··· Supplied information

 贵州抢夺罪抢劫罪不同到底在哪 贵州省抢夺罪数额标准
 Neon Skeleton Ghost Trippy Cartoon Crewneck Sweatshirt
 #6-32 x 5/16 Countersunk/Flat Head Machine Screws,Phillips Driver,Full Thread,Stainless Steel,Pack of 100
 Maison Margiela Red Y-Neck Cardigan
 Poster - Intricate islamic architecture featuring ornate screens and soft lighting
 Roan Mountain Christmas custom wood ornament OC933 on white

······
··· Supplied information

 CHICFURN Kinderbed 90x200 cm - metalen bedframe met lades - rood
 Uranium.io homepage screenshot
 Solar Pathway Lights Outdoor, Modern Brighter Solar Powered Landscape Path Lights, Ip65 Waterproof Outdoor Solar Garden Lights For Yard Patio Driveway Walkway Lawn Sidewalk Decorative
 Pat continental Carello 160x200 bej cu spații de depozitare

······

▶ _Problem requirements_
Give an exact copy of the lines above from the line with "CHICFURN Kinderbed 90x200" up to and including the line with "Solar Pathway Lights", and leave everything else out.

▶ _Response area_
 CHICFURN Kinderbed 90x200 cm - metalen bedframe met lades - rood
 Uranium.io homepage screenshot
 Solar Pathway Lights Outdoor, Modern Brighter Solar Powered Landscape Path Lights, Ip65 Waterproof Outdoor Solar Garden Lights For Yard Patio Driveway Walkway Lawn Sidewalk Decorative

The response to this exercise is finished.